Scientific classification
- Kingdom: Plantae
- Clade: Tracheophytes
- Clade: Angiosperms
- Clade: Eudicots
- Order: Caryophyllales
- Family: Cactaceae
- Subfamily: Cactoideae
- Genus: Echinopsis
- Species: E. cuzcoensis
- Binomial name: Echinopsis cuzcoensis (Britton & Rose) H.Friedrich & G.D.Rowley
- Synonyms: Cereus cuzcoensis (Britton & Rose) Werderm. 1931; Trichocereus cuzcoensis Britton & Rose 1920; Azureocereus deflexispinus Backeb. 1958; Cereus deflexispinus Rauh & Backeb. 1956 publ. 1957; Echinopsis knuthiana (Backeb.) H.Friedrich & G.D.Rowley 1974; Echinopsis tarmaensis (Rauh & Backeb.) H.Friedrich & G.D.Rowley 1974; Echinopsis tulhuayacensis (Ochoa ex Backeb.) H.Friedrich & G.D.Rowley 1974; Trichocereus cuzcoensis var. knuthianus (Backeb.) F.Ritter 1958; Trichocereus knuthianus Backeb. 1937; Trichocereus tarmaensis Rauh & Backeb. 1956 publ. 1957; Trichocereus tulhuayacensis Ochoa ex Backeb. 1957;

= Echinopsis cuzcoensis =

- Authority: (Britton & Rose) H.Friedrich & G.D.Rowley
- Conservation status: LC
- Synonyms: Cereus cuzcoensis , Trichocereus cuzcoensis , Azureocereus deflexispinus , Cereus deflexispinus , Echinopsis knuthiana , Echinopsis tarmaensis , Echinopsis tulhuayacensis , Trichocereus cuzcoensis var. knuthianus , Trichocereus knuthianus , Trichocereus tarmaensis , Trichocereus tulhuayacensis

Species of cactus

Echinopsis cuzcoensis is a species of Echinopsis cactus found in Peru.
==Description==
Echinopsis cuzcoensis grows tree-shaped with numerous, somewhat spreading branches and reaches heights of 5 to 6 meters.

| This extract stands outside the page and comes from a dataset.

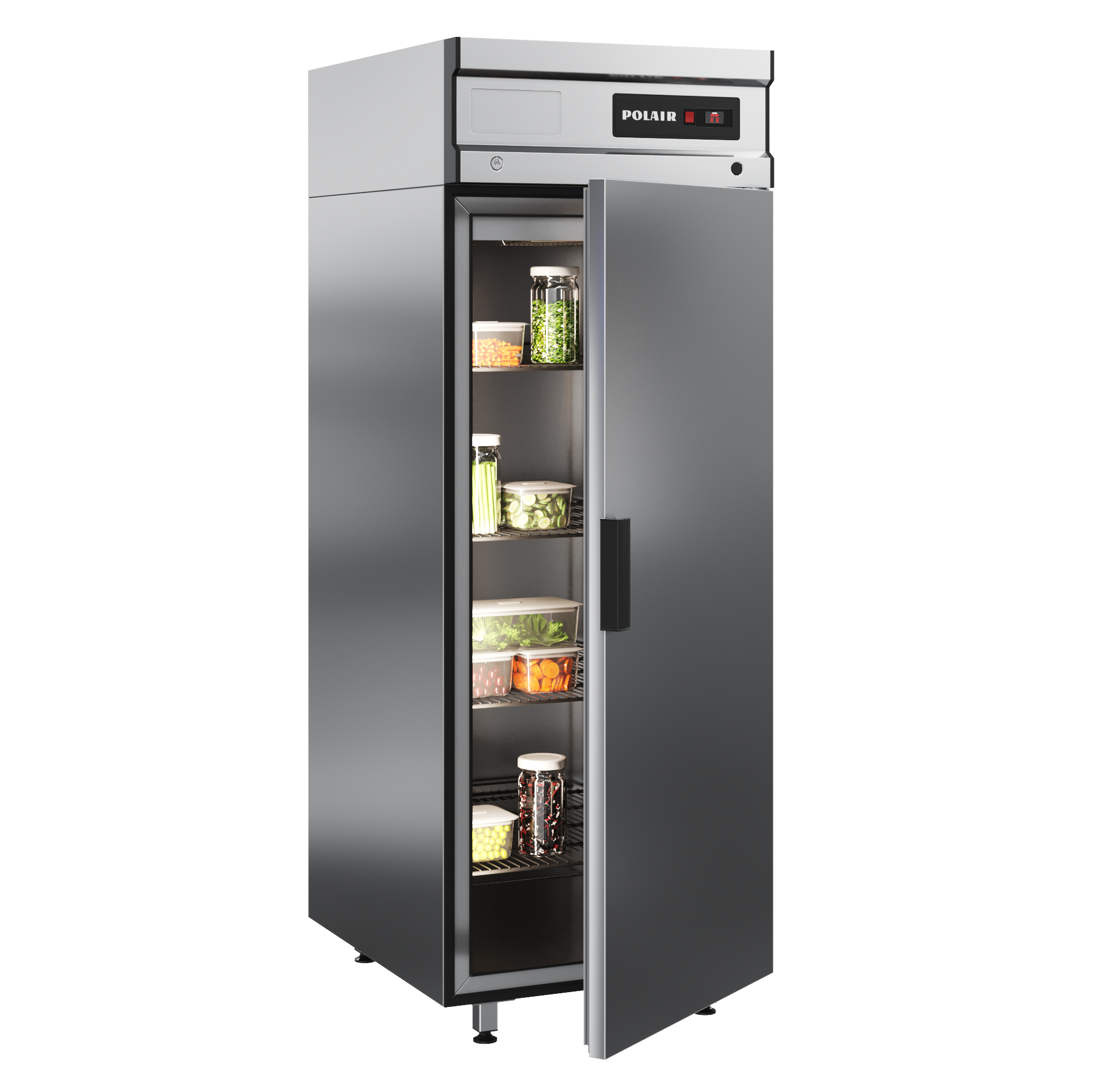Шкаф холодильный Polair CM107-G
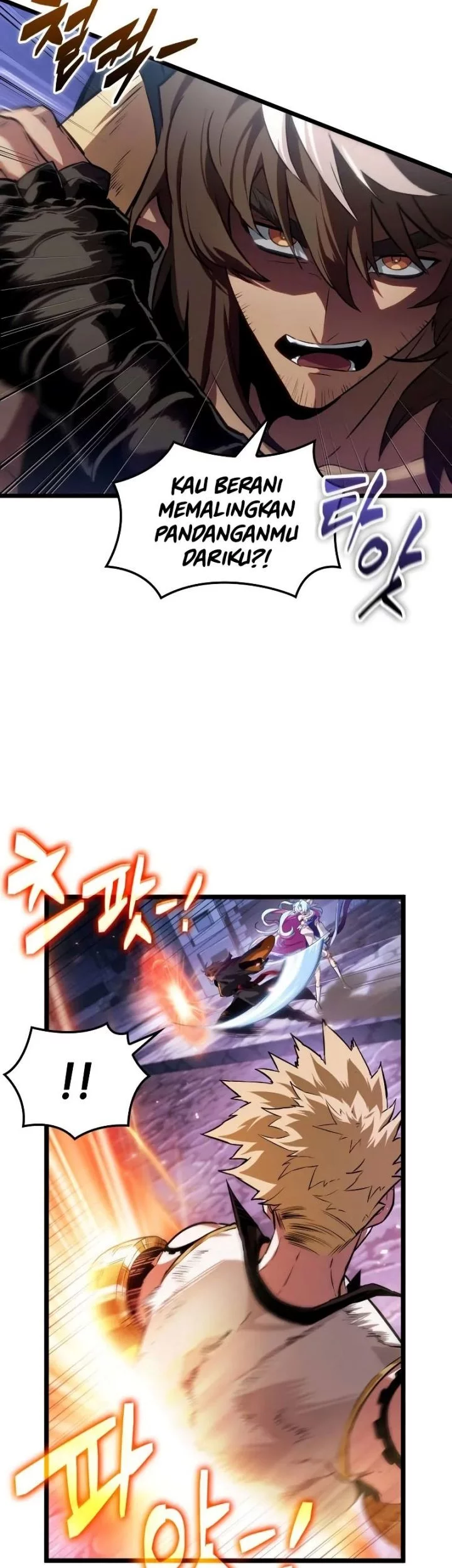 Light Of Arad: Forerunner Chapter 18 Gambar 55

The cylindrical shoots are green. There are seven to eight low and rounded ribs. The areoles on them are 1 to 1.5 cm apart. About twelve very strong, stiff thorns emerge from them and are swollen at their base. The thorns are up to 7 cm long.

The funnel-shaped, white flowers are fragrant. They are open day and night. The flowers are 12 to 14 cm long.

==Distribution==
Echinopsis cuzcoensis is widespread in the Cusco region of Peru at altitudes of 3100 to 3600 meters.
==Taxonomy==
The first description by Nathaniel Lord Britton and Joseph Nelson Rose was published in 1920 as Trichocereus cuzcoensis. The specific epithet cuzcoensis refers to the occurrence of the species near the Peruvian city of Cusco. Nomenclature synonyms are Cereus cuzcoensis (Britton & Rose) Werderm. (1931) and Trichocereus cuzcoensis Britton & Rose (1920).